The musical part of the film has some lavish musical numbers that appear very typical of Ziegfeld's productions, although the famous showman had nothing to do with this movie. Besides the pre-Busby Berkeley dances in which the people in the chorus descend a staircase and then proceed to dance on the stage in a straight line with the camera either focusing on the dancer's feet or costumes but seldom both, there are some rather inventive numbers. One involves the dancers performing with some giant pinwheels raised in the background. Another one has the performers dressed as spiders that first sing while raised on a giant spider web, then some of them climb down and perform the rest of the act on stage. The odd staging and costumes in the musical numbers just add to the surrealistic mood of Gabbo's growing insanity.
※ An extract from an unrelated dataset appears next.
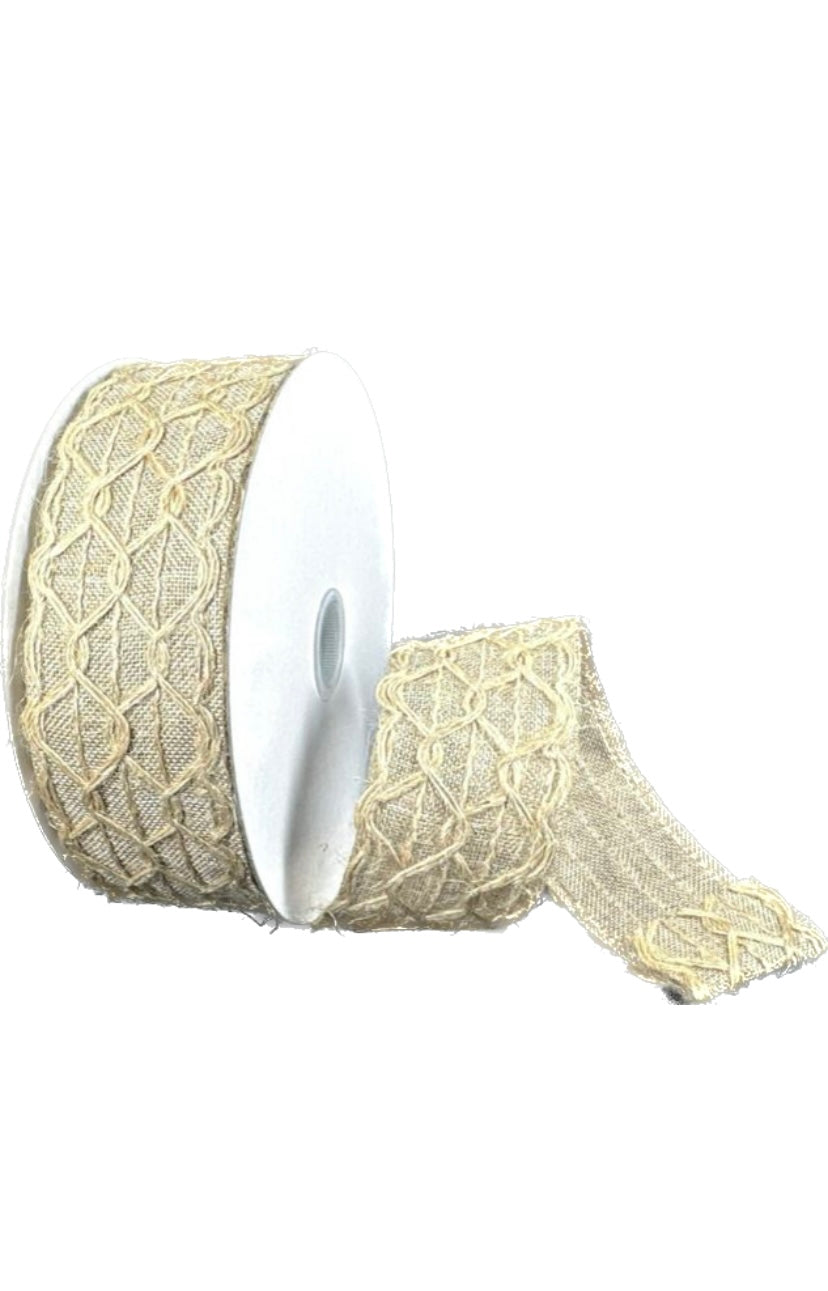 Wired Natural Scallop Open Weave Natural Blue Burlap Ribbon-1.5”x10 Yards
It seems that since Otto's speech and motion are not figments of Gabbo's imagination, that perhaps Otto's personality is the "human side" of Gabbo. Otto is what Gabbo would be like if he was less self-involved. Mary seems to hint at this several times early in the film when she says that the only kind words Gabbo ever said to her came from Otto. At the end of the film, after Mary makes clear to Gabbo she will never return to him and why, Otto never moves or speaks again. It is as though Otto's lifelessness shows that any remaining humanity in Gabbo has burned out for good. Erich Von Stroheim was particularly good as Gabbo. Being both a director and an actor himself in both the silent and talking era might have helped him in this. If you are interested in obscure early talkies, I'm sure you'll like this movie. Just be prepared for the less than stellar audio and video quality. This movie has not been restored, so you have to deal with the typical technical problems of the early talkie era."